Постепенно я втянулся в газетную жизнь, обильно цитировал "Двенадцать стульев", притворялся, что люблю Тарковского, остроумно отвечал на вопрос "Который час?". Как-то зашел в отдел культуры, где велась очередная запись на малодоступную провизию, вроде растворимого кофе. С дивана поднимался, собираясь уходить, какой-то невзрачный обтёрханный автор. Выяснив, что запись на продукт уже закончена, я досадливо и громко выказал неудовольствие. Невзрачный повернулся у двери и продекламировал четверостишие. "Что это?" — спросил я. Он ответил: "Николай Олейников". Второй вопрос—"Кто это?" — стукнулся о закрытую дверь. Яков Друскин пишет в дневниках, что Олейников был "единственный человек, который мог не бояться пошлости. Женщинам он говорил: фарфоровая куколка, божья коровка, провозглашал тосты: за человечество, за человечество, за человечество. Но все это с какой-то гениальной интонацией, передать ее невозможно, и было очень смешно и немного страшно". Эта интонация называется — здравый смысл. Категория, за редкими исключениями, не вполне присущая, а чаще всего противопоказанная поэзии. Именно в ее постоянном присутствии — секрет сокрушительного обаяния лучших олейниковских стихов. То, что сперва кажется абсурдом или чепухой, есть торжество разума.

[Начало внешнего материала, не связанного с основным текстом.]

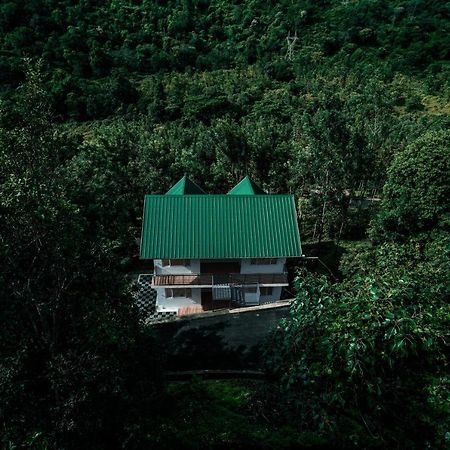 Misty Range Resorts Maraiyūr Extérieur photo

Умение обнаружить остроту новизны среди потока повседневности в "Послании, бичующем ношение одежды": "Проходит в штанах обыватель, / Летит соловей — без штанов... / Коровы костюмов не носят. / Верблюды без юбок живут. / Ужель мы глупее в любовном вопросе, / Чем тот же несчастный верблюд?"
Способность восторженно изумиться тому, чего никто не замечает, в "Хвале изобретателям": "Хвала тому, кто предложил печати ставить в удостоверениях... / Кто к чайнику приделал крышечку и нос... / Кто макароны выдумал и манную крупу... / Кто греков разделил на древних и на просто греков..."

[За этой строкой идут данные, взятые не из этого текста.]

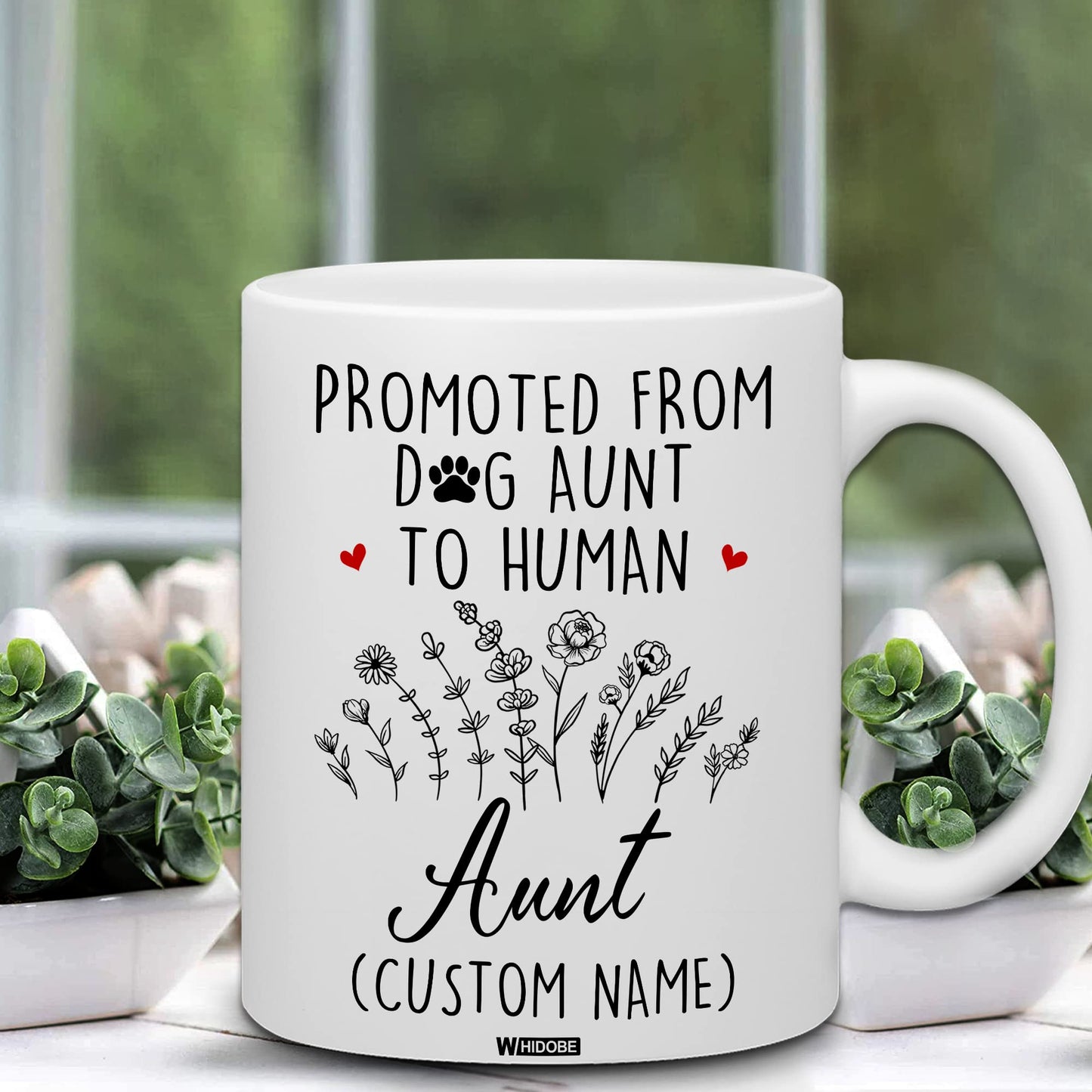 Grandma Gift Mug, New Baby Reveal Gift For Grandma, Grandma To Be From Daughter, Baby Pregnancy Announcement Gift, Cute Mug For Women Woman, New Grandmother, Mothers Day Cup Future Grandma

Возможность углядеть родственную страдающую душу в рыбе на сковороде: "Жареная рыбка, / Дорогой карась, / Где ж ваша улыбка, / Что была вчерась?"
Только аналитический взгляд способен рассмотреть связи предметов и явлений, кажущиеся надуманными и искусственными банальному мышлению. Надежда Мандельштам сравнивает Олейникова с капитаном Лебядкиным в очень примечательном контексте: "Я могу по пальцам перечислить людей, которые сохраняли трезвую голову". Один из них Олейников, "человек сложной судьбы, раньше других сообразивший, в каком мы очутились мире, и не случайно в собственной своей работе продолживший капитана Лебядкина".

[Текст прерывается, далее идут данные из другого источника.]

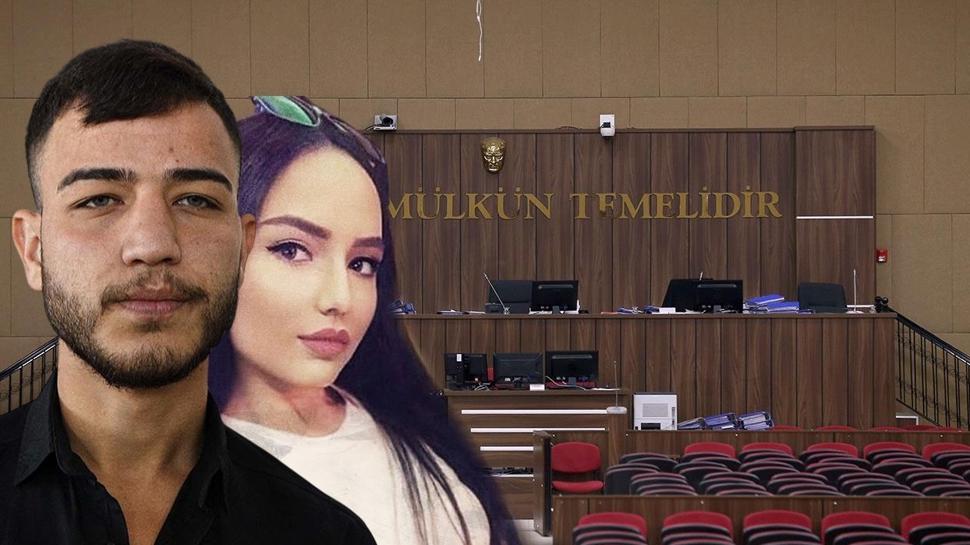 Aleyna Çakır davasında karar! Ümitcan Uygun'un cezası belli oldu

Понятной простотой интересов и самобытностью словоизъявления Лебядкин броско противопоставлен и безжалостному рационализму Петра Верховенского, и бездушной метафизике Николая Ставрогина, и стадному убожеству мелких бесов, явившихся в российской литературе полувеком раньше, чем они утвердились на верхах российской жизни. На их реальный приход и отозвался Олейников.
На поэтической поверхности речь идет прежде всего о сюрреалистической технике: "неожиданная встреча зонтика со швейной машинкой на операционном столе" (Андре Бретон). Господство случайности в словесности уравновешивает хаос в жизни. Сопоставление несопоставимого — после чего эстетически уже ничто не страшно. Правда, только эстетически.